►
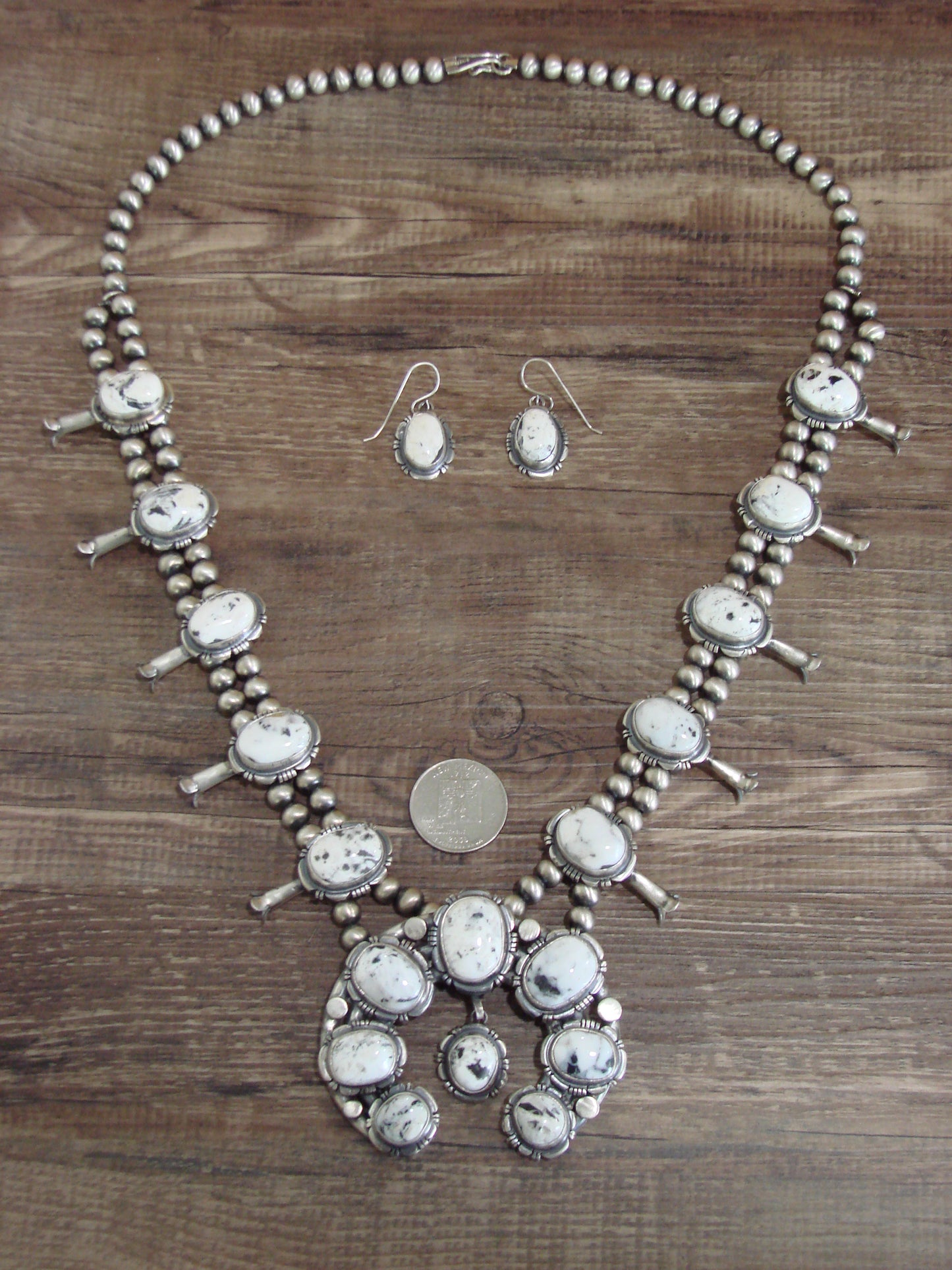 Native American Sterling Silver & White Buffalo Turquoise Squash Blossom Set by Francisco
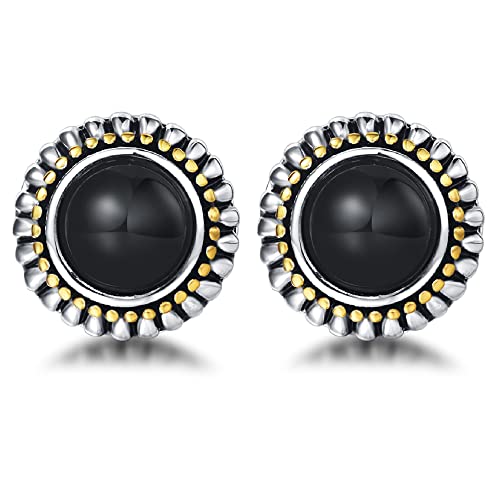 UNY JEWEL Jewelry Make a Statement Two Tone 11mm Imitation Pearl Multi Gold Dots Women French Clip Earring Christmas Gifts - color: Black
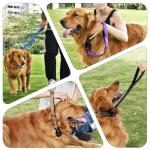 PetBonus Heavy Duty Short Dog Leash, 12 Inch Nylon Traffic Leash with Quick Release Clip, Comfortable Padded Handle, Reflective Training Lead for Medium Large Dogs (Black, 12")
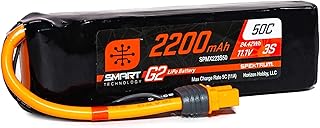 Spektrum 11.1V 2200mAh 3S 50C Smart G2 LiPo Battery: IC3, SPMX223S50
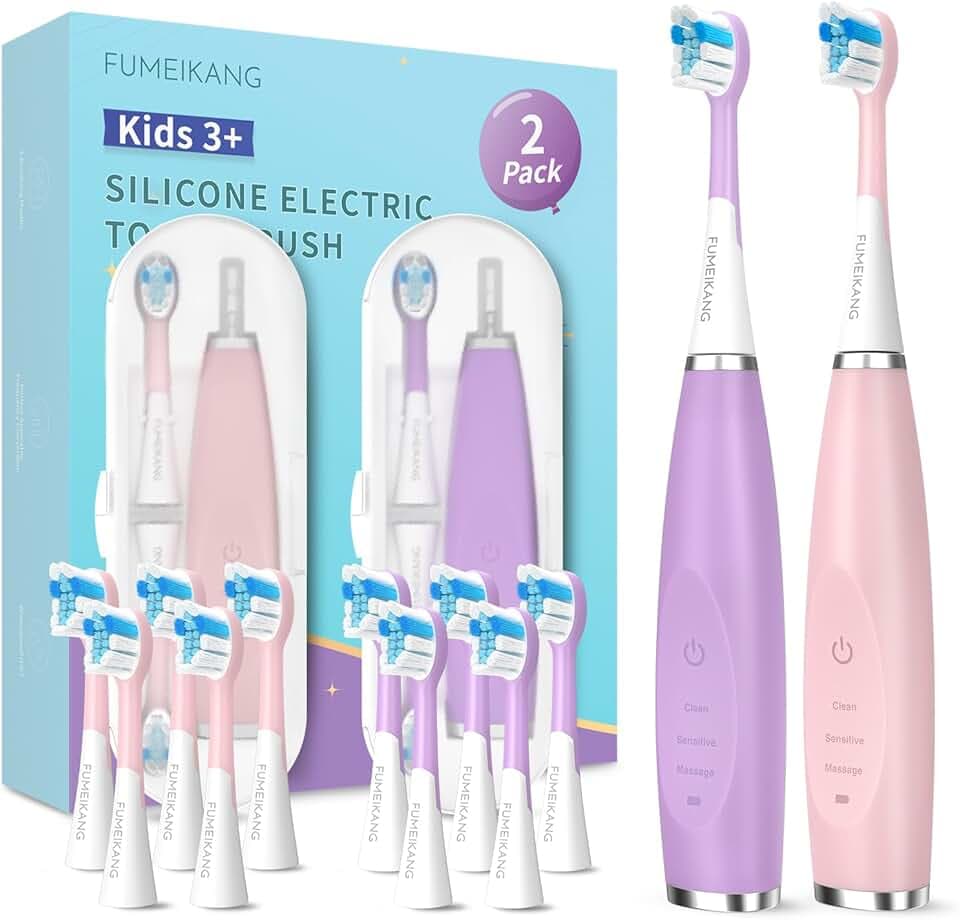 Kids Electric Toothbrushes 2 Pack Smart Sonic Toothbrush for Boys and Girls 3 4 5 6 7 8 9 10 11 12 (Purple+Pink, 2 Pack)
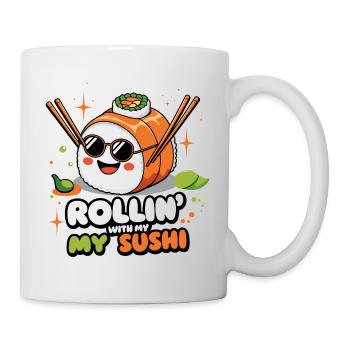 Rouler avec mes sushis - Design amusant - Mug blanc - blanc - Droite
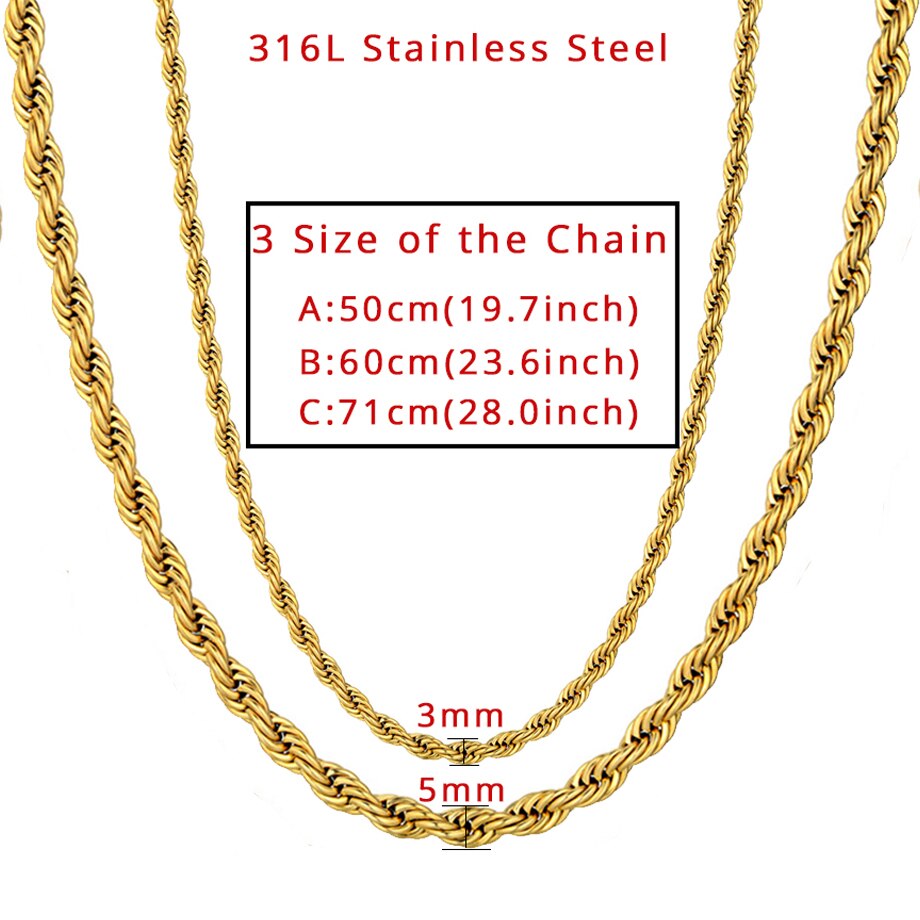 Twist Hip Hop Stainless Steel Long Chain Necklace Men Jewelry ,Brand Hippie Gold Color Male Necklace Chain Jewelry Gift
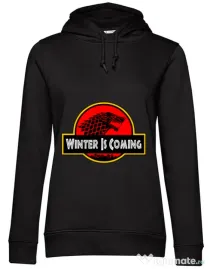 Hoodie dama cu gluga Jurassic winter Negru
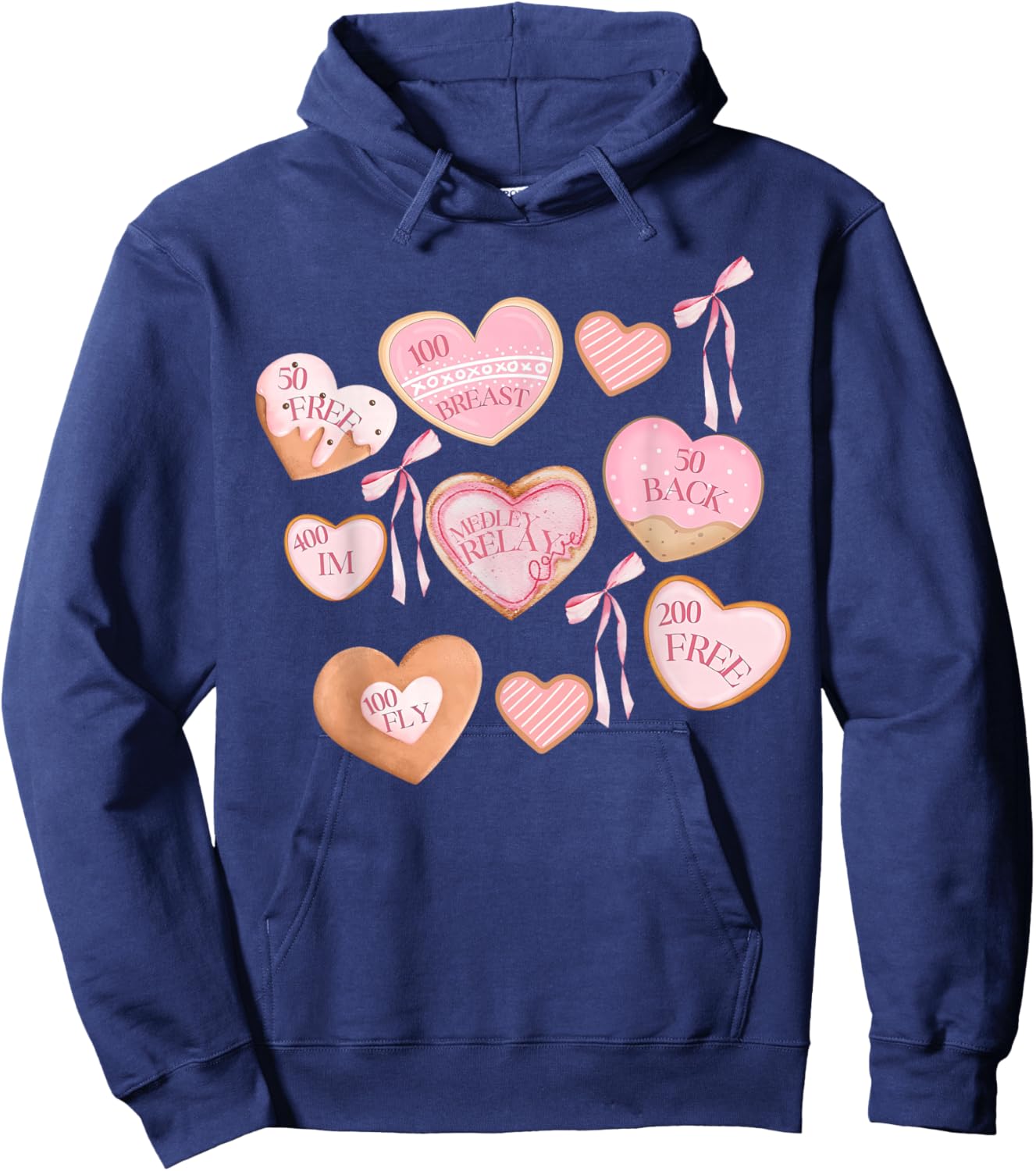 Cookie Valentines Bow Swimmer Swim Mom Coach Sports Game Day Hoodie - Hoodie | Navy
◄
→ **EXERCISE**
Exact copy, pictures omitted: every line from the one holding "Rouler avec mes" through the last line of the data above, and nothing else.

→ **WRITTEN ANSWER**
 Rouler avec mes sushis - Design amusant - Mug blanc - blanc - Droite
 Twist Hip Hop Stainless Steel Long Chain Necklace Men Jewelry ,Brand Hippie Gold Color Male Necklace Chain Jewelry Gift
 Hoodie dama cu gluga Jurassic winter Negru
 Cookie Valentines Bow Swimmer Swim Mom Coach Sports Game Day Hoodie - Hoodie | Navy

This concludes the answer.